What is being asked> Below are the records; extract from them the line containing "Used 2024 Dodge Durango R/T AWD/4WD image 63" to the line containing "2026 Volvo XC90", both lines included, exactly and with no pictures.

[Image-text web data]
++++++++++

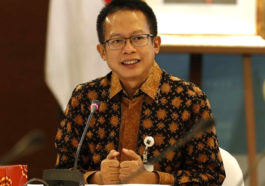 Perdagangan Aset Kripto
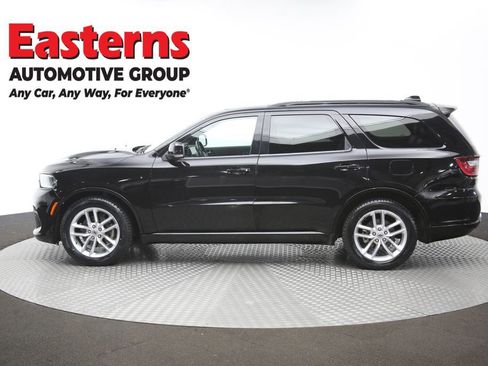 Used 2024 Dodge Durango R/T AWD/4WD image 63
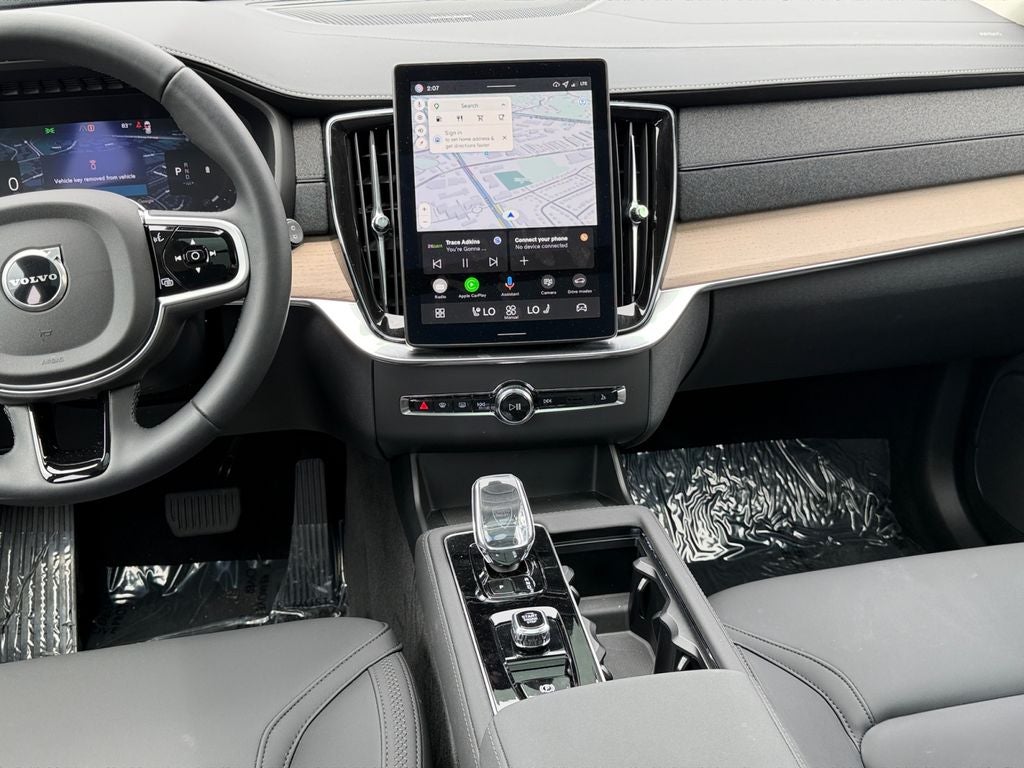 2026 Volvo XC90 B6 Plus 7-Seater Volvo Certified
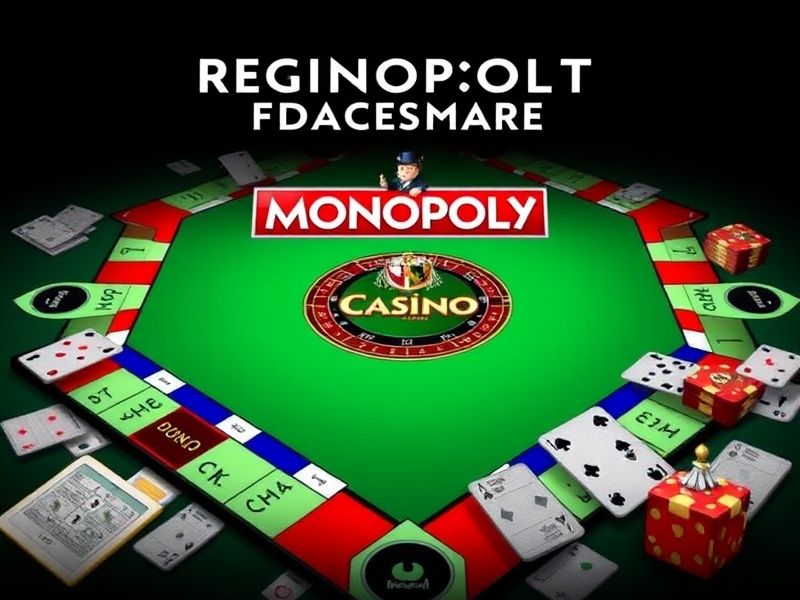 Welcome to Tracksino Monopoly, the official online gambling destination for authentic Monopoly-themed casino games. Discover exclusive slots, live dealer experiences, and players' favorite bonuses. Join now for a secure, high-stakes adventure.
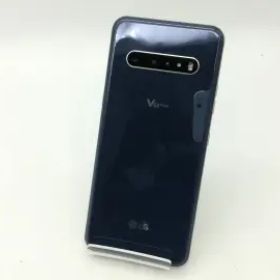 LG V60 ThinQ 5G 新品¥114,924 中古¥25,500 | 新品・中古のネット最安値 | カカクキング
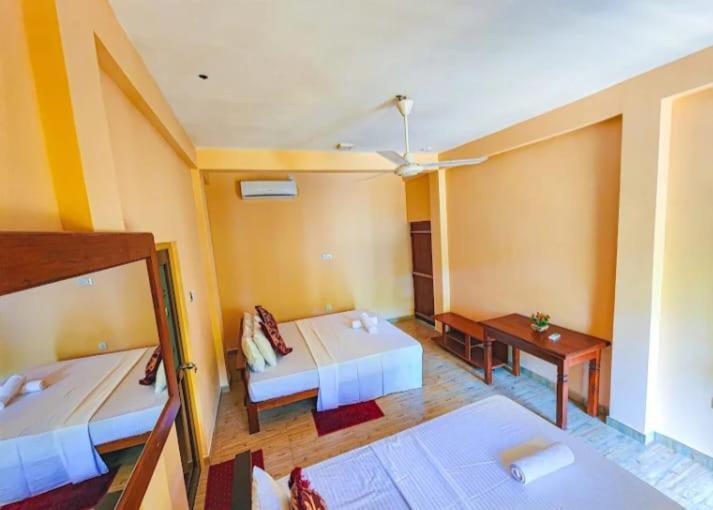 Wild Park Safari Home Stay اوداوالاوي المظهر الخارجي الصورة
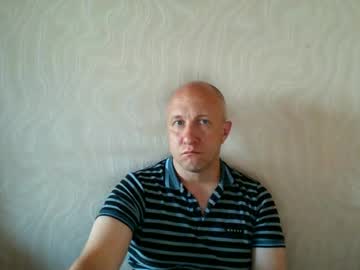 Oleg365 July 20, 2025 Chaturbate stream image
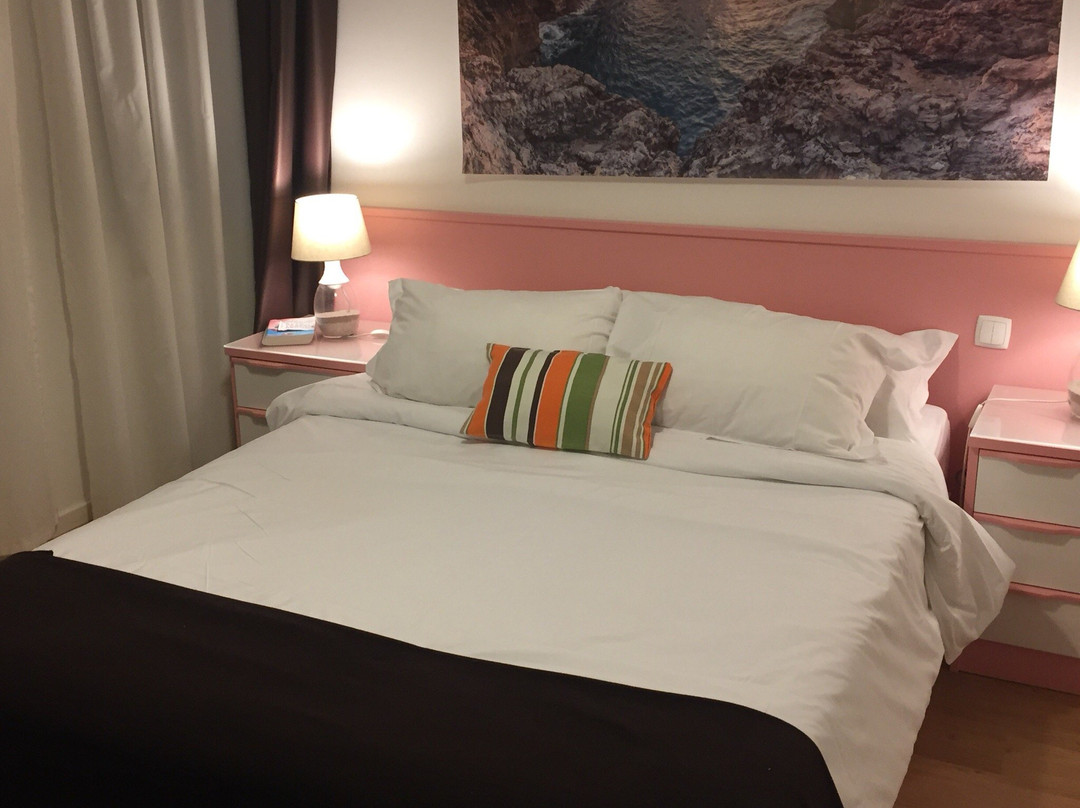 Casa Azul Sagres - Rooms & Apartments主图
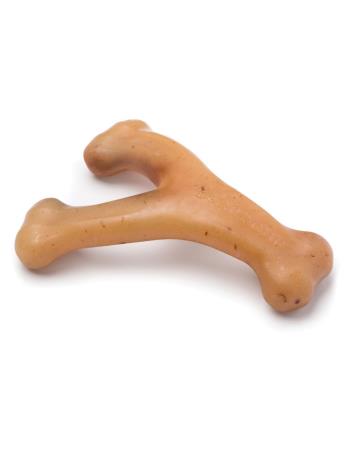 Benebone - Wishbone Chicken M, 18cm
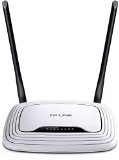 TP-Link N300 Wireless Wi-Fi Router, Up to 300Mbps (TL-WR841N)
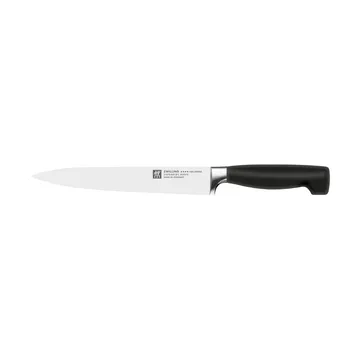 Zwilling Four star nóż do filetowania/mięsa ze stali nierdzewnej - 20 cm - Zwilling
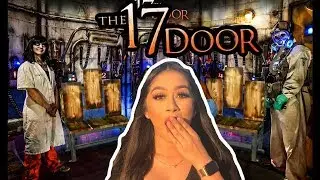 Going To The Scariest Haunted House *Must Sign Waiver* | Daisy Solano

++++++++++

Result of this exercise>
 Used 2024 Dodge Durango R/T AWD/4WD image 63
 2026 Volvo XC90 B6 Plus 7-Seater Volvo Certified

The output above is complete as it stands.